We followed the coding scheme used in previous research by McGuigan and Salmon (2006) and McCartney and Nelson (1981), in which participants’ verbal responses to open-ended questions were coded for the presence or absence of core characters (e.g., Leo, Berry) and core ideas (e.g., Leo does not know anyone, everyone is staring at Leo’s clothes). This score provides a snapshot of the participants’ “ability to logically recount the fundamental plot elements of the story.” For session S and participant i, NSS was computed using the following formula:

N S S_{S, I} = \frac{M e n t i o n e d (C o r e C h a r a c t e r s + C o r e I d e a s)}{A l l (C o r e C h a r a c t e r s + C o r e I d e a s)}

A perfect NSS of 1.0 would indicate that the participant mentioned all the core characters and main ideas in all four open-ended questions of that interview. The first mention of core characters and core ideas was given a point each, with additional mentions not counted. The sum of core characters and core ideas for each interview session were combined to generate the Narrative Structure Score. The average number of characters in each story was three (Leo, Berry, and Marlow or the teacher), while the number of core ideas varied depending on the difficulty of the story, ranging from an average of four in the easiest story to six in the hardest.

6.4.3. Emotional Understanding

The Emotional Understanding Score (EUS) represents participants’ ability to correctly recognize and label character’s emotional states, a fundamental skill of emotional intelligence (Brackett et al., 2011; Castillo et al., 2013). Responses to the two direct questions “After you chose <option>, what color of the Mood Meter do you think <character> was in?” and “What word would you use to describe how <character> was feeling?” were coded based on RULER concepts and combined to comprise EUS.

Appropriate responses for the first question were based on the Mood Meter colors and included Yellow (pleasant, high energy), Green (pleasant, low energy), Blue (unpleasant, low energy), or Red (unpleasant, high energy), depending on the emotional state of the robots at specific points in the role-play. Responses to the second direct question were based on the RULER Feeling Words Curriculum with potential appropriate responses being words such as excited (pleasant, high energy), calm (pleasant, low energy), upset (unpleasant, low energy), or angry (unpleasant, high energy), depending on which color quadrant the participant “plotted” the character. Since participants were recruited from schools implementing RULER, they use the Mood Meter daily and are accustomed to these types of questions. Most participants answered with one or two words when asked to describe the character’s feelings.

For the ColorScore, participants received +1 if the correct Mood Meter color was provided, and −1 if an incorrect color was given. In the FeelingWordScore, participants received +1 or −1 depending on whether the feeling word provided was appropriate or not. If participants provided additional appropriate or inappropriate feeling words, they were given +0.5 or −0.5 points for each, respectively.
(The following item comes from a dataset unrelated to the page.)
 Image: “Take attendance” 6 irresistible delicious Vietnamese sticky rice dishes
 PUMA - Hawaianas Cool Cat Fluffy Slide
The total EUS was calculated using the following formula:

E U S_{S, I} = C o l o r S c o r e + F e e l i n g W o r d S c o r e

Higher EUS means that participants were able to more accurately identify the Mood Meter color and corresponding feeling word associated with the character’s emotional state. For each interview session, EUS scores for each scene were summed to calculate an aggregate EUS score.

6.5. Reliability between Coders

Two researchers independently coded the interview transcriptions from the three sessions according to the coding scheme described in the previous section. Both coders first coded the interviews from the excluded participants to become familiar with the coding scheme. Once agreement between coders was reached, coding began on the remaining data. Coding was completed for the 120 collected interviews (40 participants × 3 sessions), overlapping 25% (30 interviews) as a reliability check.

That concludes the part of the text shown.